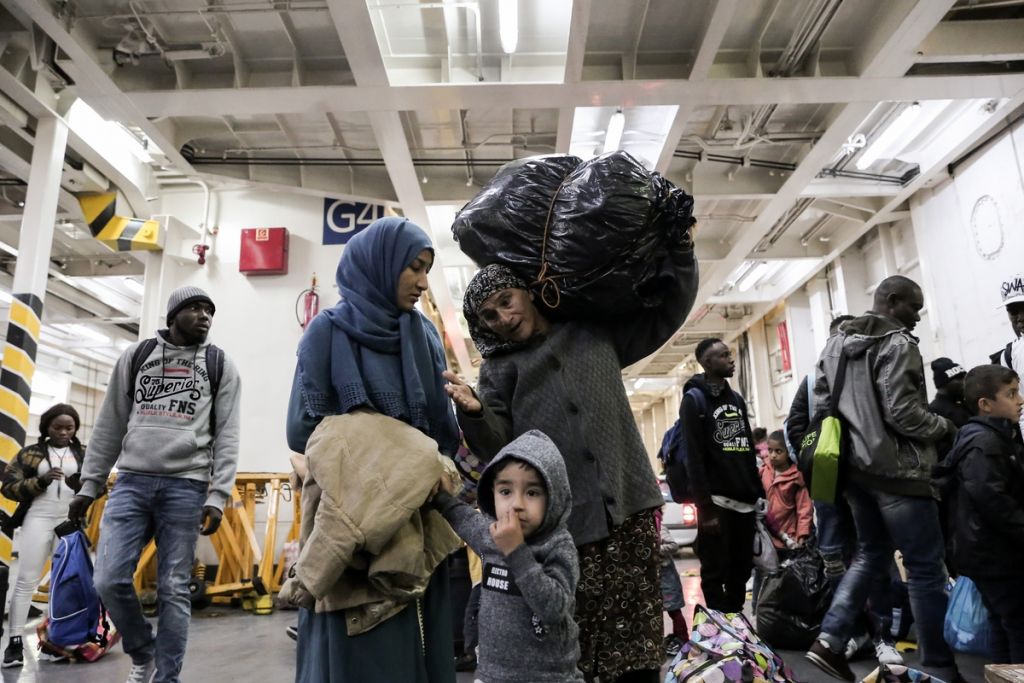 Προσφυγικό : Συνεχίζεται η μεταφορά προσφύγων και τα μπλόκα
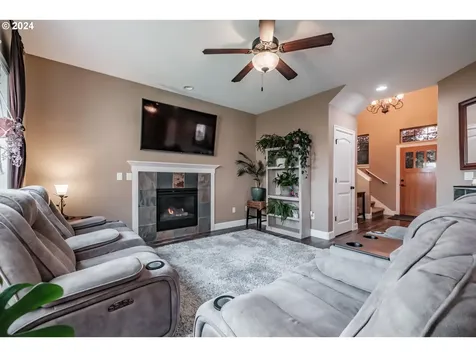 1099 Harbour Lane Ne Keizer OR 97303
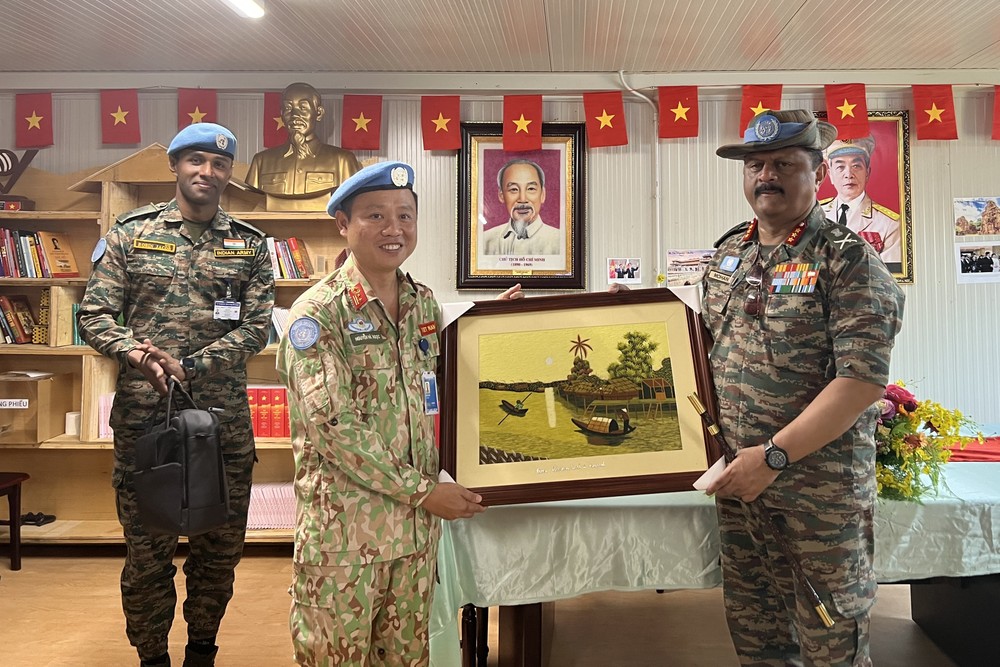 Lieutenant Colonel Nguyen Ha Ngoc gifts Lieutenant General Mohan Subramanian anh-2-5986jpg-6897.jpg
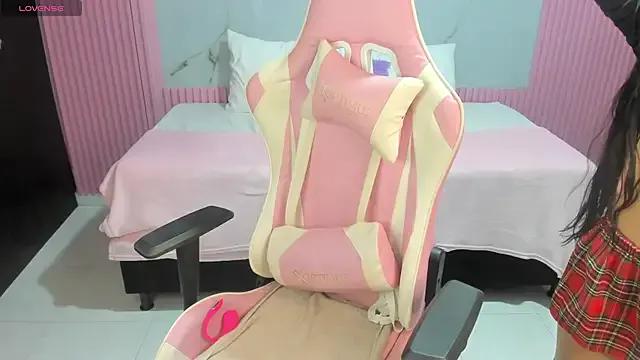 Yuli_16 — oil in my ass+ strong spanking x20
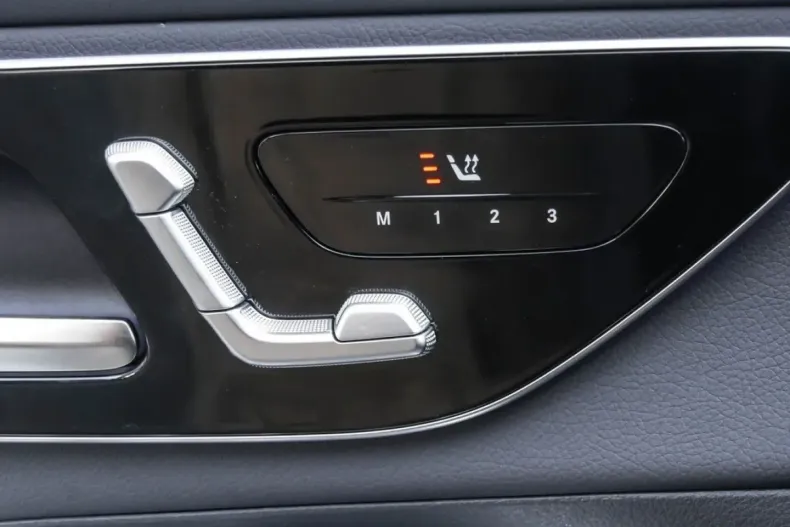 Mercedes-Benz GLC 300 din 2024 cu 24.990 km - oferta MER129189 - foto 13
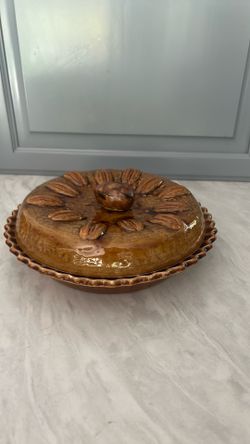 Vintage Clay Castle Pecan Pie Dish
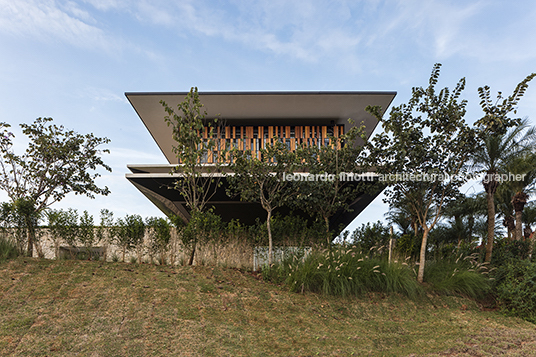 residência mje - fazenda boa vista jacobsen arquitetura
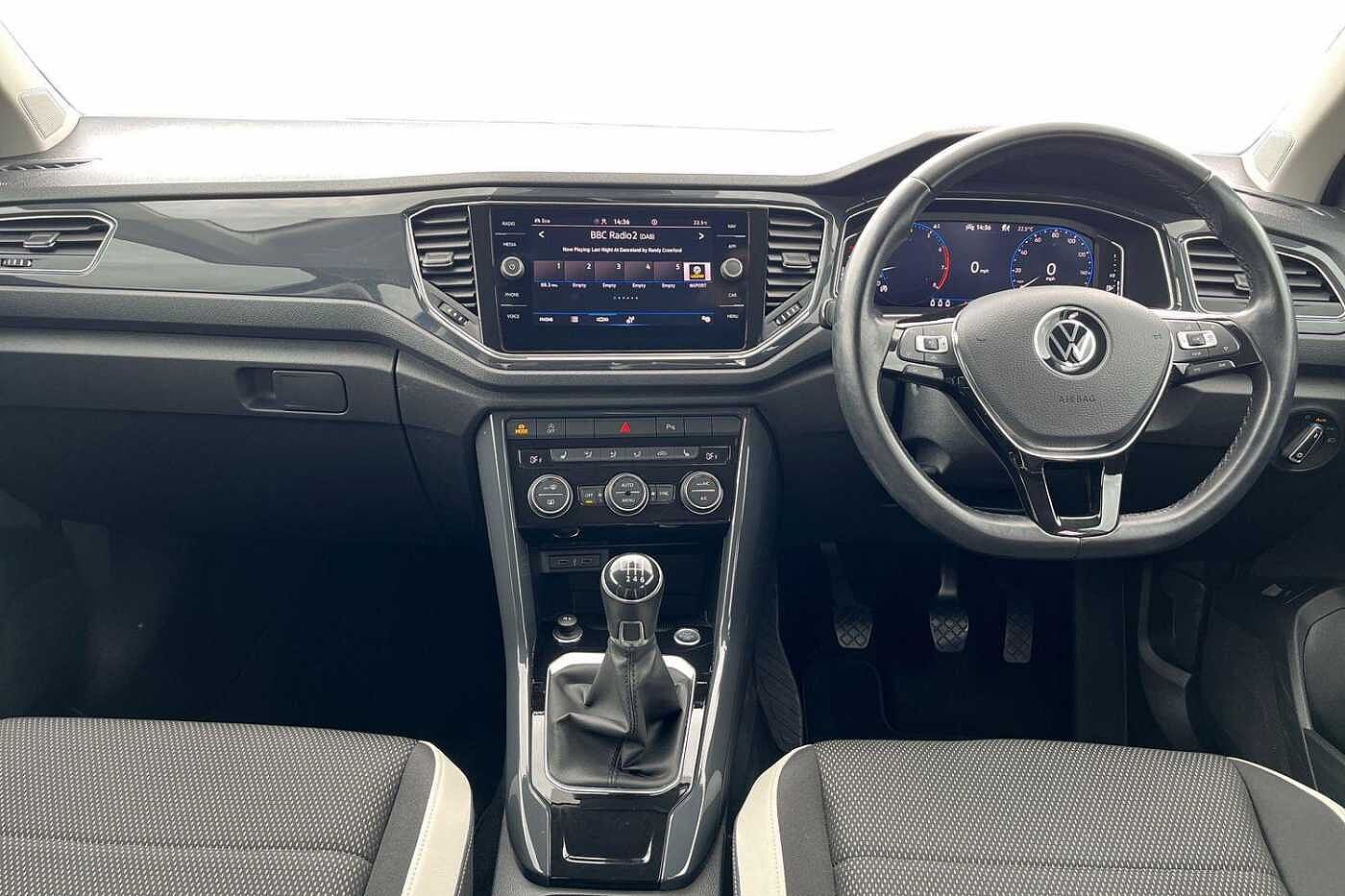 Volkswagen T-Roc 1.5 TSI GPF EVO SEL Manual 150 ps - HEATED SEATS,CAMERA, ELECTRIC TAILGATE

_AIM OF THE EXERCISE_. Skip the pictures. Please copy exactly the lines from the one with "Yuli_16 — oil in my ass+ strong spanking x20" through the final line of the material above, both ends included.

_TASK ANSWER_.
 Yuli_16 — oil in my ass+ strong spanking x20
 Mercedes-Benz GLC 300 din 2024 cu 24.990 km - oferta MER129189 - foto 13
 Vintage Clay Castle Pecan Pie Dish
 residência mje - fazenda boa vista jacobsen arquitetura
 Volkswagen T-Roc 1.5 TSI GPF EVO SEL Manual 150 ps - HEATED SEATS,CAMERA, ELECTRIC TAILGATE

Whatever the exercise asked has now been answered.